It's Now or Never

Lisa Marie Presley's belated rock-and-roll career couldn't have come at a better time.

"I'm really a homebody," Presley says. "I kind of stay home a lot. Hang out with friends, you know.

"Act normal," she adds with a chuckle.

Presley has developed a sixth sense for camera-wielding freaks and lookie-loos. "There's certain places that you have to avoid," she admits. "But I live in a pretty barricaded area with security. So they don't really get near me."

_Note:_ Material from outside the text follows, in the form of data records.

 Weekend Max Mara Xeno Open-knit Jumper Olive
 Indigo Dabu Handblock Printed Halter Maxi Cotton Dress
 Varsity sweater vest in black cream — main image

With anonymity ruled out, at least wealth is a certainty: When Presley turned thirty, in 1998, she inherited her father's fortune, an estimated sum of $300 million. Elvis Presley Enterprises, of which she is the sole owner, earned $37 million last year, according to Forbes magazine. But don't paint the princess as a rich, black-hearted recluse. Among her favorite charities is Presley Place, a housing program she financed for homeless families in Memphis; she also co-founded LEAP, a free literacy program for children and adults in that city, with friend and fellow Scientologist Isaac Hayes. And as the international spokesperson for children's rights under the Citizens Commission on Human Rights, Presley has testified before a congressional hearing against psychiatric abuse and Ritalin pedaling.

Such philanthropy hardly makes headlines. Away from a scandal-hungry culture, Presley still finds sanity where she can -- including her father's old movies. Declaring the '50s-era Love Me Tenderand Jailhouse Rock as her favorites, she defends her father's crossover talents as a matinee idol.

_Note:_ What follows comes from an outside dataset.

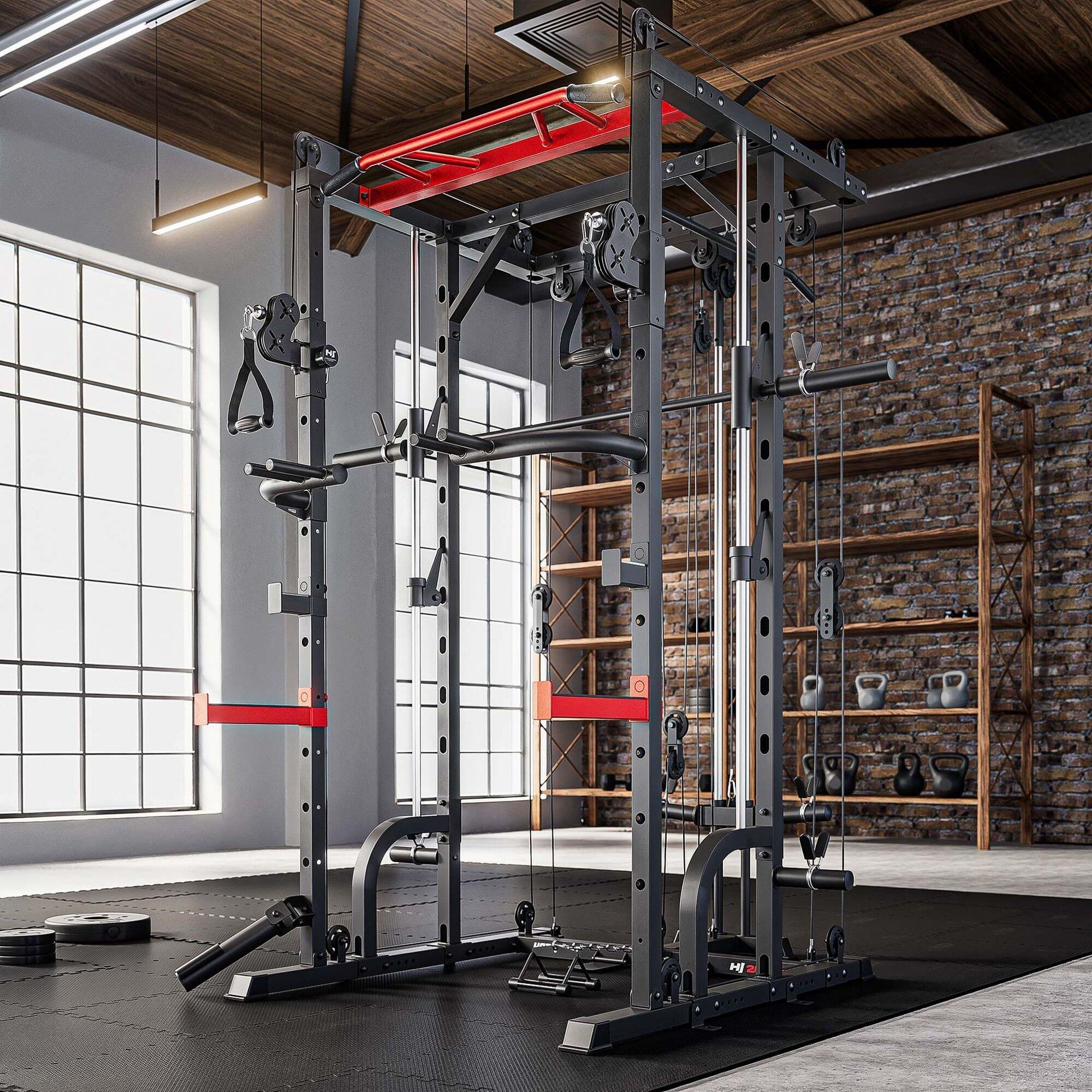 Klatka do treningu siłowego Power Rack Hop-Sport HS-2090K z wyciągiem i suwnicą 3/7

"You could see his actual ability to act in those, you know?" she says. "And they precede the Colonel coming in and making him what he didn't want to be later on. The later movies that he made -- I don't think he was very thrilled about any of those -- he got contracted into. They were so much about singing all the time and jumping around, which he hated."

Presley's publicist suddenly cuts in, turning a quarter of an hour into a blink of an eye. With Jacko and Nic thankfully off limits, the final burning question, local and legendary in nature, requires context. One night in 1975, so the story goes, Elvis flew some twenty law-enforcement friends to Denver on his personal jet, the Lisa Marie,for a round of sandwiches called the "Fool's Gold Loaf." Created by the now-defunct, Glendale-based Colorado Mine Company, each ridiculously priced monstrosity ($49.95 apiece) consisted of an entire buttered loaf of Italian bread that was baked, then hollowed out and slathered helm to stern with mounds of peanut butter and grape jelly. Each was then packed with a pound of crisp bacon.

"Oh, good lord," Presley says, hearing about this Front Range delicacy for the first time. "No, I've never tried it. But I might just do that. It sounds really good. It sounds like a Southern thing."

Given all that Presley has had to stomach over the course of her life, a little Fool's Gold may just be what the doctor ordered. But then again, there's that whole gastritis thing.